# [Problem to solve]
Word for word, restate the lines from the one holding "Megaron Pendora By" through the last line of the material below, and leave every picture out.

# [Extracted records]
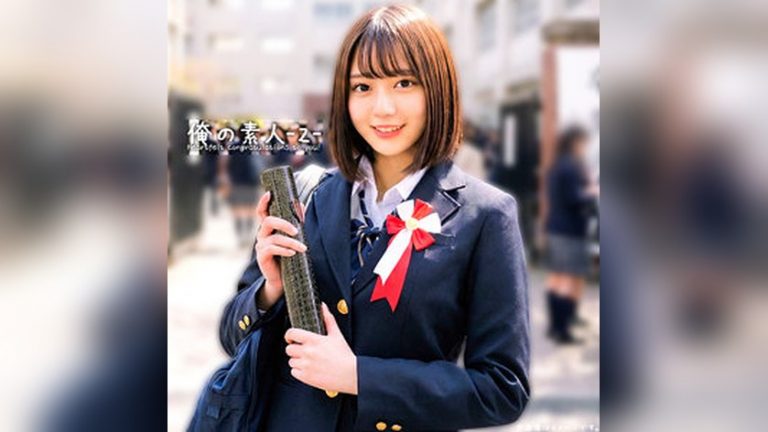 まりのちゃん 俺の素人-Z- orecz479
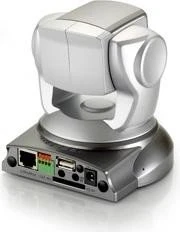 LevelOne FCS-1041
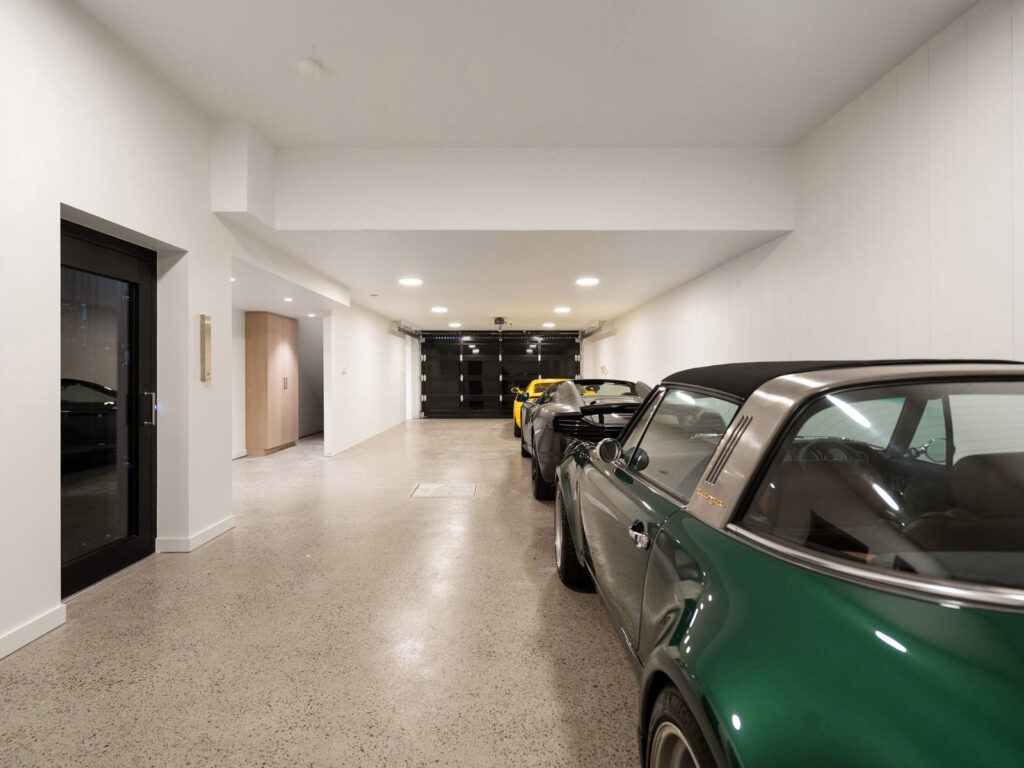 22 kitchener st oatley 14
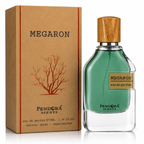 Megaron Pendora By Paris Corner Eau De Parfum 70ml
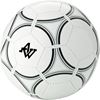 Immagine di Pallone da calcio 100263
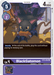 BlackGatomon [BT3-082] [Release Special Booster Ver.1.5] - Just $0.09! Shop now at Retro Gaming of Denver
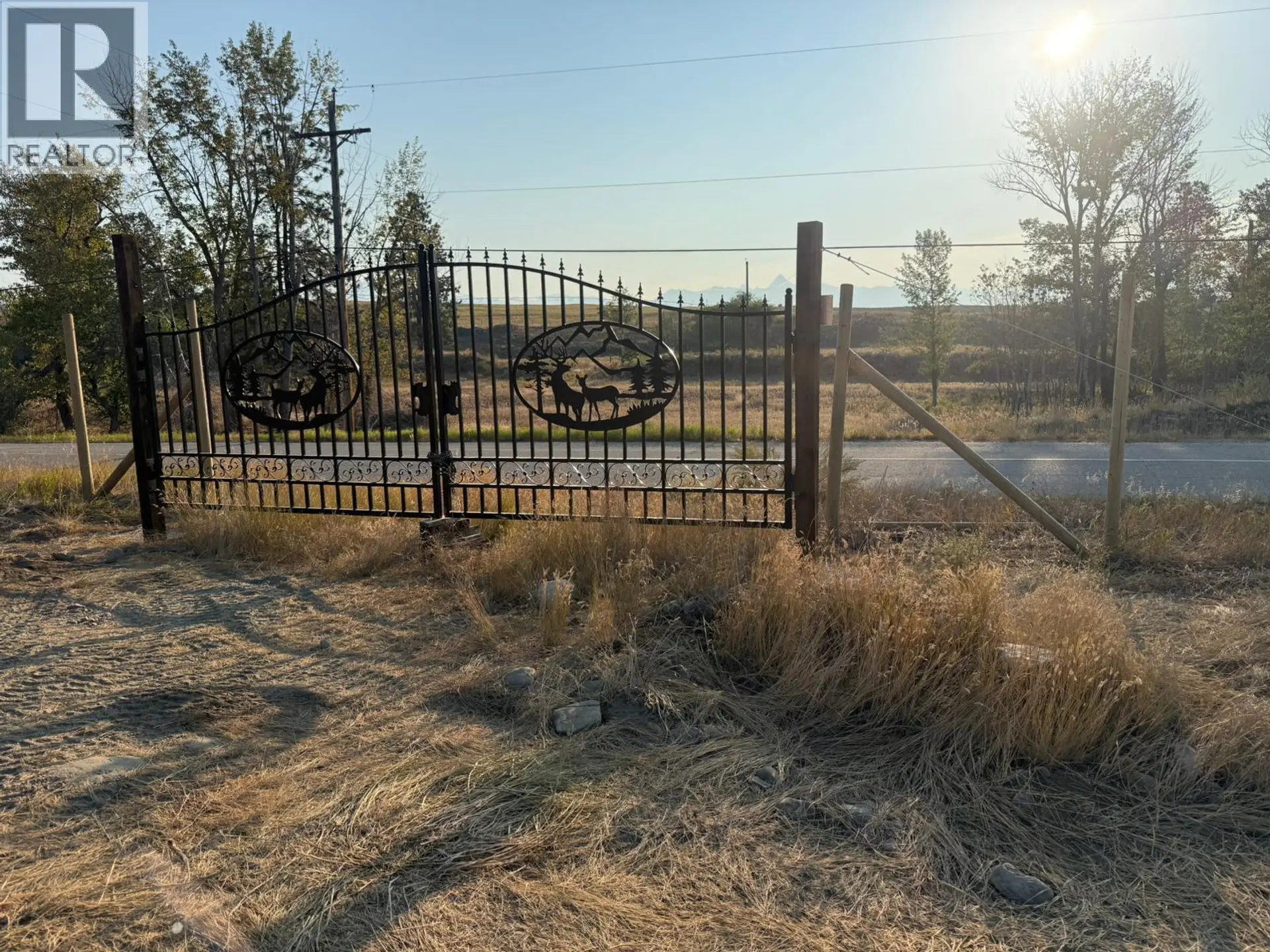 9275 PIGHIN Road - Image 11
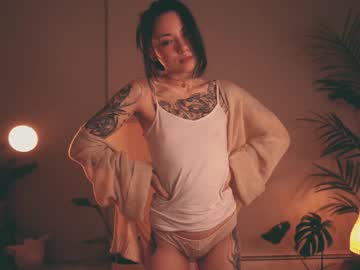 girl sorenyu image #1388383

# [Exercise result]
 Megaron Pendora By Paris Corner Eau De Parfum 70ml
 Immagine di Pallone da calcio 100263
 BlackGatomon [BT3-082] [Release Special Booster Ver.1.5] - Just $0.09! Shop now at Retro Gaming of Denver
 9275 PIGHIN Road - Image 11
 girl sorenyu image #1388383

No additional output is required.